The 'talking guide' features a voice that reads aloud selections like programme titles, network names and time slots as well as DVR and on-demand settings. The feature will be available to all X1 customers in the next few weeks.

About 19 million US households have at least one member with a disability, and according to the US Census there are 8.1 million people with a visual disability. In 2012, Comcast hired Tom Wlodkowski as vice president of audience to focus on the usability of the company's products and services by people with disabilities.

"Television is universally loved, and we want everyone to be able to enjoy it," said Brian Roberts, chairman and CEO at Comcast. "The talking guide feature will enable all of our customers to experience the X1 platform in a new way, and give our blind and visually impaired customers the freedom to independently explore and navigate thousands of shows and movies. We're just scratching the surface of what's possible in the accessibility space and we are thrilled to have Tom and his team leading the charge."

The talking guide 'speaks' what's on the screen as the viewer navigates the guide, including the saved, on-demand and settings sections. It also includes details like individual programme descriptions, and ratings from Common Sense Media and Rotten Tomatoes that help viewers decide what to tune to.

Future versions of the feature will include functionality within the search section of X1, and additional personalisation settings like rate of speech.

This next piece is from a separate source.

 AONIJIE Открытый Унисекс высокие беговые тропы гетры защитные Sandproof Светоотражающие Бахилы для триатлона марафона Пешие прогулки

"The talking guide is as much about usability as it is about accessibility," said Wlodkowski. "We think about accessibility from the design of a product all the way through production, and this feature is the result of years of work by our team including customer research, focus groups and industry partnerships. For people like me who are blind, this new interface opens up a whole new world of options for watching TV."

X1 customers will be able to activate the talking guide on their existing set-top box by tapping the 'A' button twice on their remote control. The feature also can be turned on via the accessibility settings within the main settings menu.

"Programming my DVR is one of the most empowering things I have ever done with my TV," said Eric Bridges, director of external relations and policy development at The American Council of the Blind (ACB), who participated in a Comcast customer trial over the summer. "My wife and I are both blind, so thanks to this new feature, we no longer have to choose between going out to dinner or catching our favourite show. The talking guide encourages independence and self-sufficiency; it's a real game-changer for anyone who is blind and loves TV."

Next year, Comcast plans to partner with service organisations and non-profits to create awareness in the disability community of Voice Guidance and other accessibility features that offer a more inclusive entertainment experience.

The company also has a service centre specifically dedicated to customers with disabilities. Comcast's Accessibility Centre of Excellence is based in Pensacola, FL, where a team of specially trained care agents handles about 10,000 calls each month.